Thirteen-year-old Wande so much wanted to do well in school but he was an average student at best. His parents knew he had the ability to do much better than his grades indicated, and so did his teachers. Despite several discussions with his teacher and his parents, along with a new resolve to try harder, his grades remained average.
As the new school year approached, Wande feared the new year would be no different from the previous years unless he changed his approach. His former approach of trying harder would not suffice, this he knew for sure. Observing himself, he realized that he could best assimilate information in small chunks.
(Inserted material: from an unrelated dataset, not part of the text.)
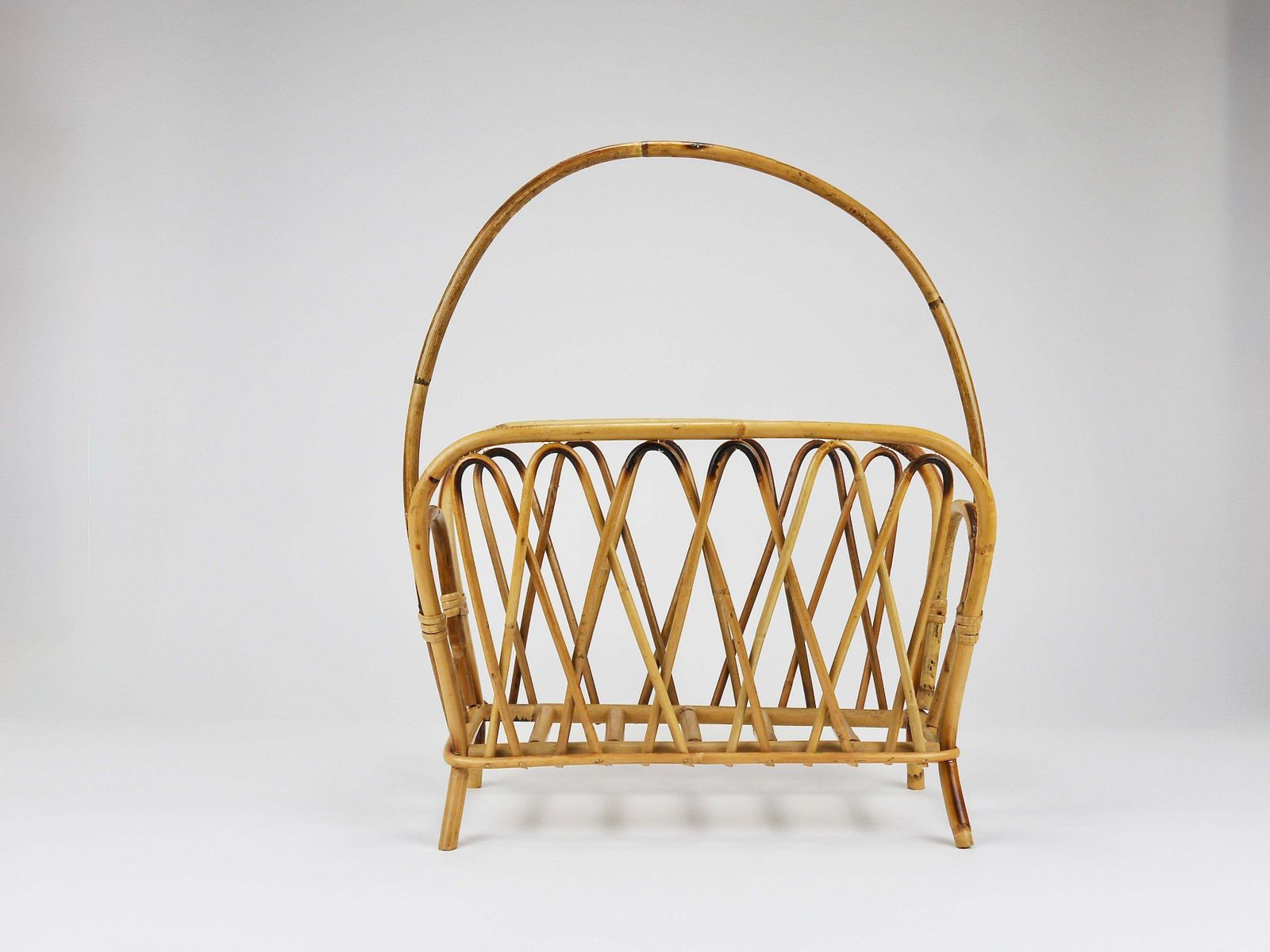 Franco Albini Style Rattan Bamboo Magazine Rack Newspaper Stand, Italy, 1970s photo furniture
Upon this realization, he developed a new approach where he would break up his reading assignments and read no more than two pages at a time.
Rather than trying to knock out his assignments in one stretch, he would break them apart, and focus on small chunks at a time. This took much longer. He had to make sacrifices; the focus and self-discipline required every strength the teenager possessed. In between classes, when he would formerly aimlessly goof around with friends was now used to go over class notes. Even a portion of his ride home from school was used to get a jump start on his reading assignments.
His grades improved almost immediately. The results encouraged him to continue on this new path. Only now did he realize his potential. His self-confidence grew because he grew. He had learned to demand the highest of himself and the highest opened itself to him. At the end of the first term, he was third in his class. The initial difficulty of first observing the reason for his mediocrity and then taking action to rectify this constraint was no longer difficult but simply a normal way of life. Smiling he recognized that everything is difficult until it becomes easy.